Cette fiction dystopique nous rappelle que le dérèglement climatique n’est pas un phénomène simple et linéaire : il combine à la fois sécheresses et inondations, canicules et pics de froid. Raison pour laquelle beaucoup préfèrent parler de changement ou de dérèglement du climat plutôt que de réchauffement, tant il est établi aujourd’hui que nous entrons en la matière en terra incognita. Avec la fonte due au réchauffement actuel, par exemple, la glace de l’Arctique ne réfléchit plus les rayons du soleil, son albedo faiblit, la zone se réchauffe, l’air chaud monte vers l’atmosphère et pousse cet air polaire vers le Nord de l’Europe et de l’Asie qui peuvent alors connaître des hivers très rigoureux. Cela fut le cas en 2005-2006, avec des températures inférieures de 10° à la normale en Sibérie. C’est toute la complexité du phénomène, qui devrait interdire tout raccourci et propos simpliste : dans le monde réel, aussi contre-intuitif que cela puisse paraître, parfois il fait plus froid parce qu’il fait plus chaud.

« - C’est les calottes polaires qui fondent, ça refroidit tout l’air au-dessus de la mer. Le Gulf Stream n’arrive plus à se réchauffer, intervient Stella.

- Oh, ça n’a rien à voir avec ces bêtises, ma belle, dit Quenotte.

- C’est quoi alors ?

- C’est la vieille Dame Hiver. Elle veut récupérer ses Loups. »

Mais Les Buveurs de Lumière est avant tout un rappel. Celui que le pire n’est jamais certain tant que l’être humain cherche à boire la lumière sans craindre d’être aveuglé. Il n’y a de Cassandre utile que là où il y a soif de connaissance, et volonté de regarder les circonstances en face de manière lucide et éclairée. Goethe sur son lit de mort se serait exclamé « Mehr Licht ! ». Plus de lumière. Là où certains n’y virent que le souhait d’ouvrir la fenêtre afin de voir une dernière fois la lueur du jour, d’autres l’interprétèrent comme le désespoir de n’avoir pu amasser assez de savoir dans sa vie. Et si les deux étaient liés ?

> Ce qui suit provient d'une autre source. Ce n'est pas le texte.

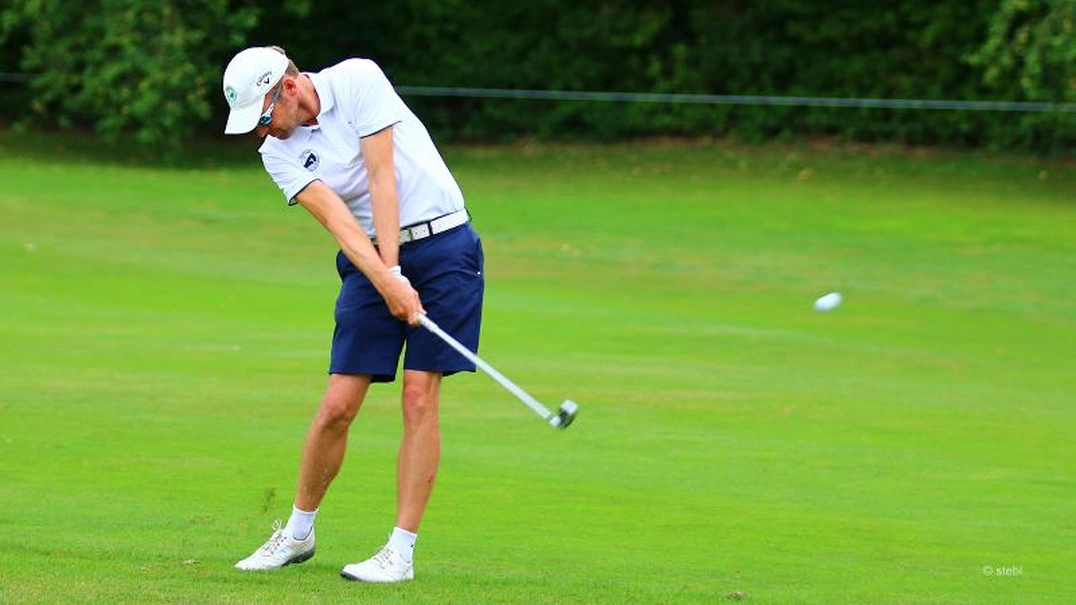 Den Ball flach halten: Der böige Wind im GC Neuhof belohnte eher gefühlvolles als aggressives Spiel.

La recherche, la curiosité de l’esprit, la capacité à comprendre sont nos meilleures alliées face à la catastrophe. Et l’émerveillement. Celui ressenti par Dylan, Stella et Clémence face aux silhouettes de glace pointues qu’on appelle « pénitents », formés de soleil, de rosée, de carbone et de glace ; l’espoir qui niche dans des bourgeons de fleurs de cerisier attendant le dégel ; le cœur étreint par le vol d’un oiseau de proie ; cette capacité à l’émerveillement que rien ne doit éteindre, même par vents contraires. Rayonnons comme des putains d’anges.